I’m Jordan, cisgender male and identify as pansexual. I identify as well as a person with a permanent physical disability. Oh, yeah, I’m white of European descent. I’m Canadian. Don’t hold it against me. My background is Portuguese. So, pretty much European, but born in Canada. 

Vanessa: 

Awesome. Thank you. So I want to start by talking with the first time you realized you were non-binary or queer or had a disability. And I acknowledge, and it’s important to be able to talk across difference, that these are very different stories for each of you and also their stories that you’ve had in your lives. Jordan, would you like to share first? 

Jordan: 

Yeah, sure. I mean, I guess the disability part is pretty straightforward. It’s from birth. I’ve always identified as a person with a disability. A lot of it had to do with early upbringings of getting treated differently than other people or other children in the room. 

At a very young age, I was pretty aware that I was different from everybody else. Maybe I couldn’t define disability or had a notion of what that was. For as long as I can remember, I’ve always known or felt different. 

Hannah: 

I think from a very young age, when you are old enough to start gaining the cognition, to realize that there’s something, something horribly awry, when you look around at the people that you’re surrounded by. 

I didn’t necessarily ever feel that sense of belonging, but I didn’t have a context when I was younger for that being an uncomfortable thing.

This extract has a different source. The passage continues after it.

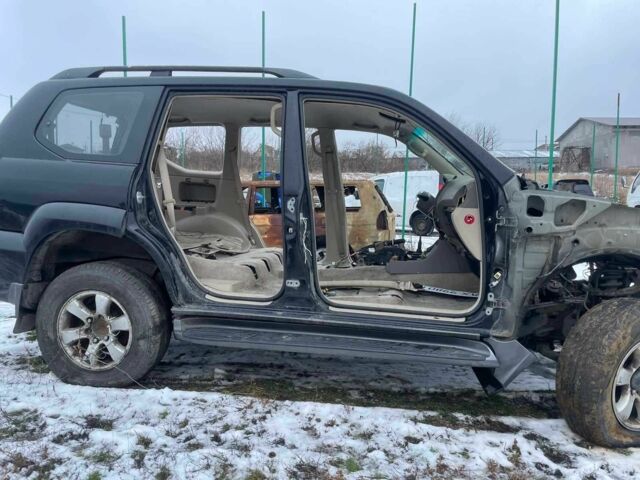 Черный Тойота Ленд Крузер Прадо 120, объемом двигателя 4 л и пробегом 30 тыс. км за 2500 $, фото 1 на Automoto.ua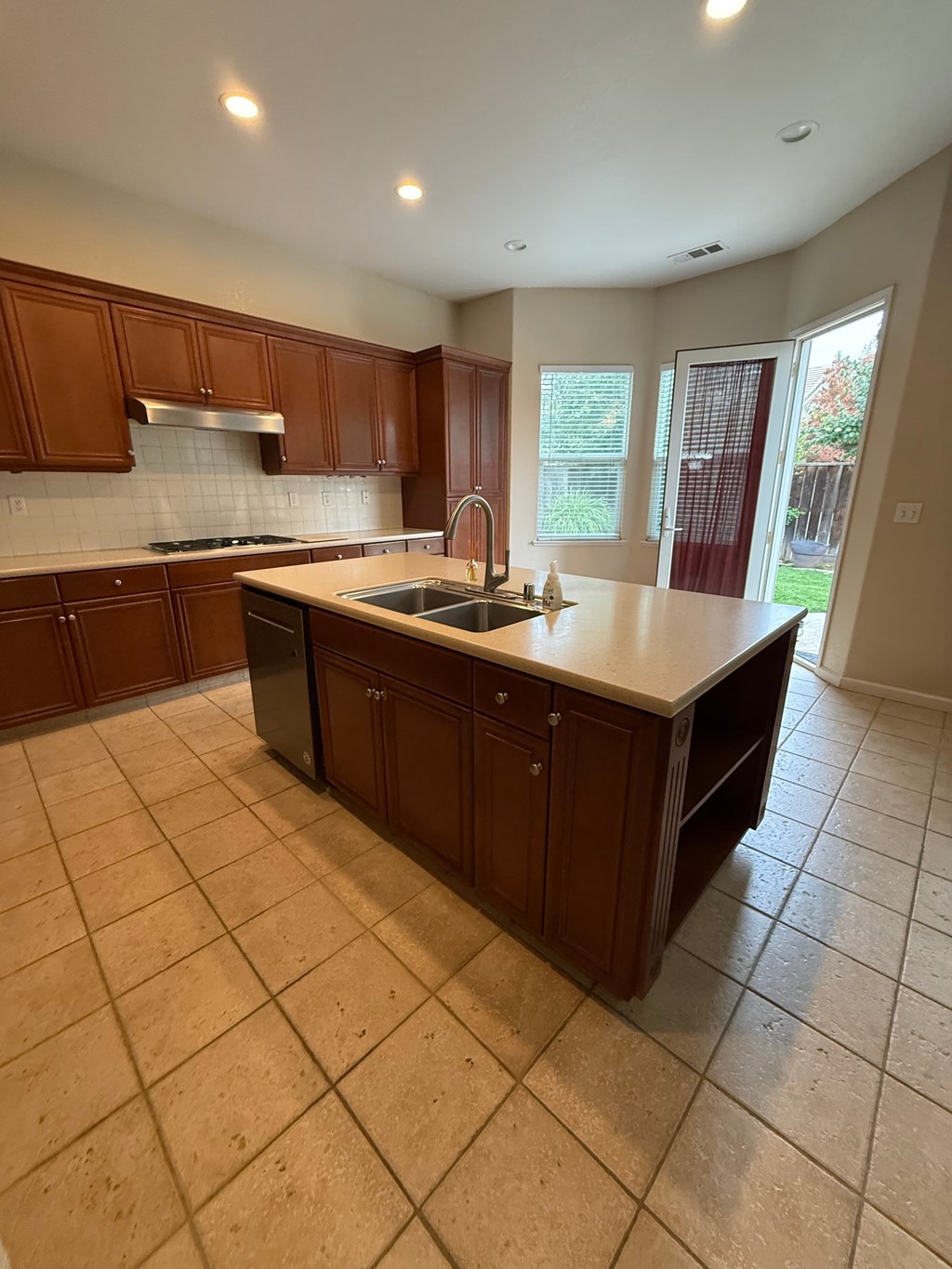 235 Fay Court 3 Beds House for Rent - Photo Gallery 18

I was just always dancing to a different drum. Always just a wild and very free kid. 

But, as we’ve discussed before in a previous conversation, growing up in white, middle-class suburbia is a very insular and information-padded place to grow up. So I didn’t have names for anything that I was feeling. So different is a word to describe it, but, but it wasn’t until much, much later in my life when I started to gain access to, I guess what could be considered counterculture, that I started finding what these things were called, and I could put names to what I was feeling, and then it really developed from there.

But from 8 or 9 or so when I really started noticing that the ways that I was behaving and the ways that I felt didn’t fit with the narrative I was surrounded by, and that was an incredibly uncomfortable process. Once I realized that, growing up through into my teens, and then ultimately into my 20s, where everything I knew was so much oscillating back and forth, I would succumb to pressures or whatever and try to fit that mold. But who you are always breaks out. So, yeah, a very young, very young kid when I realized it and then named it in my 30s. 

Vanessa: 

So in my personal experience, I don’t have a visible disability, so it’s quite different, but as a person with bipolar disorder and pansexual, I remember both being told that all your life is going to be hard because of this and experiencing challenges. But I also felt that there were some things that were beautiful about these different identities.

I do want to talk about both, but in this case, I’d like to start with some of the experiences that have been challenging for either of you living outside the dominant group. 

Jordan: 

I mean, I think for me, it was always a little bit more obvious, and the circle was drawn very easily because it wasn’t something that I was battling internally with identity or with mental issues. It was all very physical. It was all out there. I couldn’t hide it. There was no way for me to not be isolated or separated from a group of people whether I wanted to or not. That was the case, and that’s how I was treated. 

So for me, being the only disabled person was always very challenging because it did create a lot of isolation and a lot of resentment. I just wanted to be like every other kid. When you don’t understand the reasonings or intentions behind why you’re being treated a certain way, that can develop into a lot of anger and frustration. Like, why am I getting treated differently than others? 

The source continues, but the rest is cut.